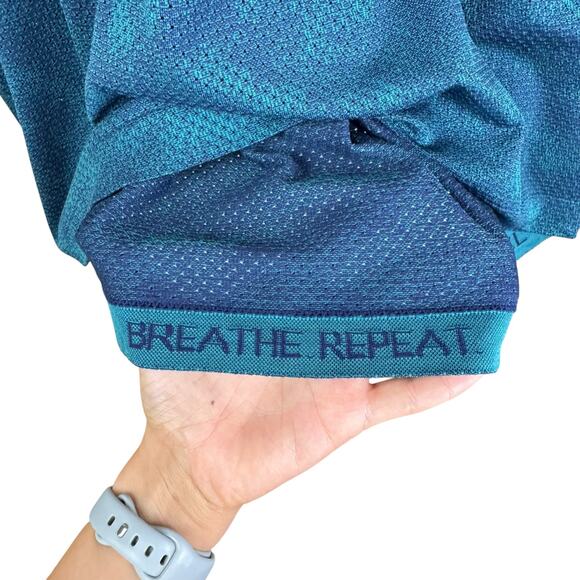 Lululemon Men's Metal Vent Tech Seamless Slim Fit Short Sleeve Shirt 2.0 Teal - Picture 5 of 10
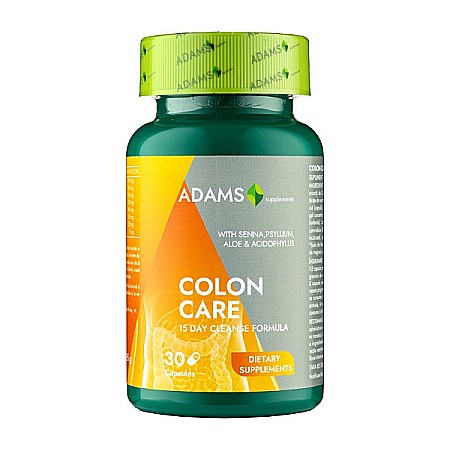 Digestie - Coloncare, 30 capsule - Adams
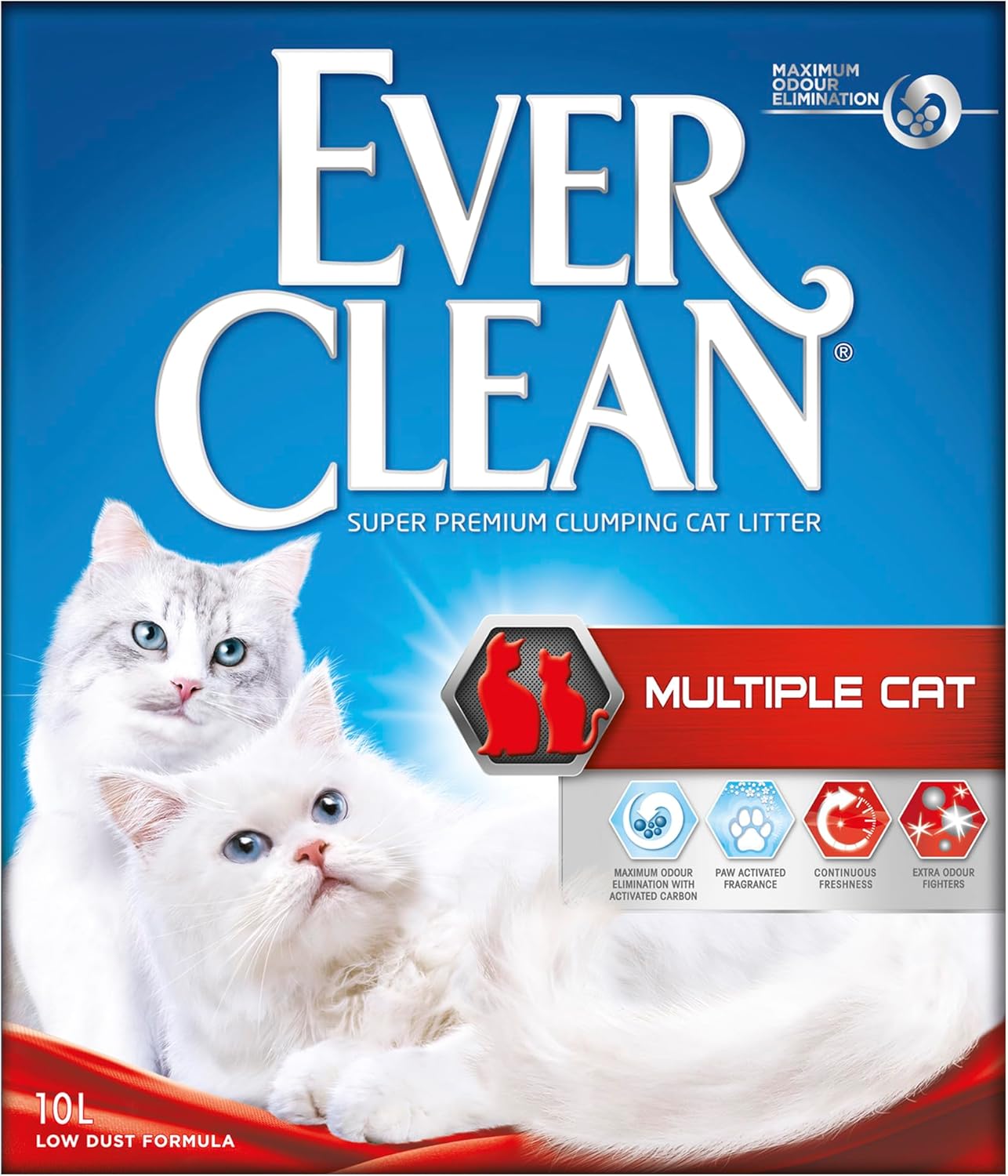 Ever Clean Clumping Cat Litter – 10L, Multiple Cat, Scented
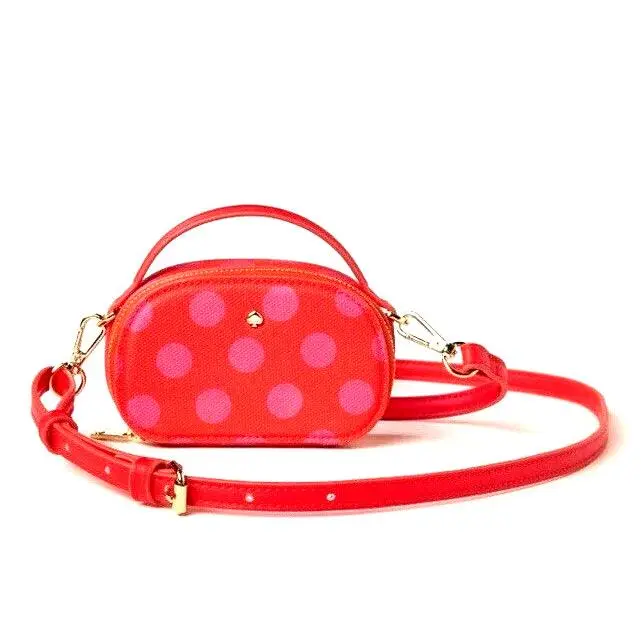 Kate Spade New York Target Pink Red Polka Dot Mini Crossbody Bag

-------

Give the data again exactly, image-free.

REPLY
 Lululemon Men's Metal Vent Tech Seamless Slim Fit Short Sleeve Shirt 2.0 Teal - Picture 5 of 10
 Digestie - Coloncare, 30 capsule - Adams
 Ever Clean Clumping Cat Litter – 10L, Multiple Cat, Scented
 Kate Spade New York Target Pink Red Polka Dot Mini Crossbody Bag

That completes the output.